La notte è un pò come il ricordo, sopprime i particolari oziosi. Eppure l’iniziativa della seconda municipalità di Napoli, rilegge in chiave entusiastica la deroga al principio: «d’arte- la cultura sveglia».
Perché a volte parlare di cultura è sempre "contro cultura": il denominatore comune contiene già virtualmente la presa di possesso, l’incasellamento, ma per amare la cultura occorre vitalità. Si sa, niente necessita di più matta energia del possesso. E col vivere il centro storico di Napoli durante l’avvicinarsi del Natale, la Notte Bianca ai decumani è il momento perfetto per ricordare tutto ciò. Dalle 18 alle 3 del mattino, dunque, aperti negozi, botteghe, librerie, chiese e palazzi storici nella zona compresa tra la Galleria Principe di Napoli, via Toledo, i decumani da piazza del Gesù, piazza San Domenico, via Nilo a Banchi Nuovi fino a piazza Bovio. Ovviamente, in programma ci sono concerti, performance e reading.

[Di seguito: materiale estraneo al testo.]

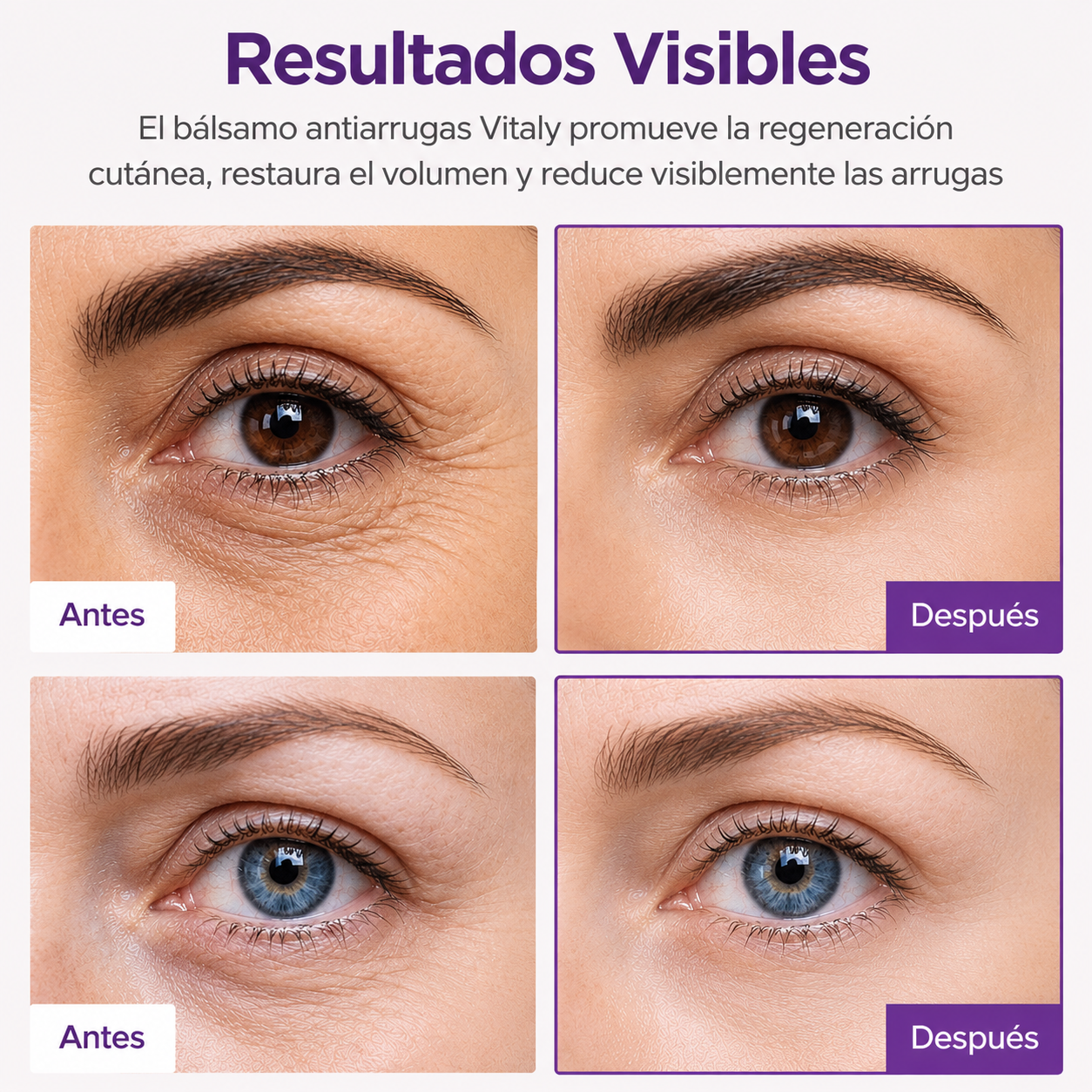 Vitalis Bálsamo Antiarrugas Hidratante- Piel mas firme y joven desde las primeras aplicaciones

Sarà possibile visitare, fino a notte fonda, la chiesa del Gesù Nuovo, San Domenico Maggiore e il complesso monumentale recentemente restaurato, la chiesa di Sant’Anna dei Lombardi, la chiesa di San Pietro a Majella, il Conservatorio e il complesso monumentale Santa Maria la Nova, la Basilica dello Spirito Santo, la biblioteca di piazza Bellini e il Museo Nitsch. Persino le botteghe di San Gregorio Armeno rimarranno aperte fino a tardi per la festa; mentre in occasione della Notte d’Arte la linea 1 della Metropolitana resterà attiva fino alle tre del mattino anche per dare una spinta ai consumi, ed anche la camera di commercio aprirà le porte alla città per ospitare una serata di moda e tango.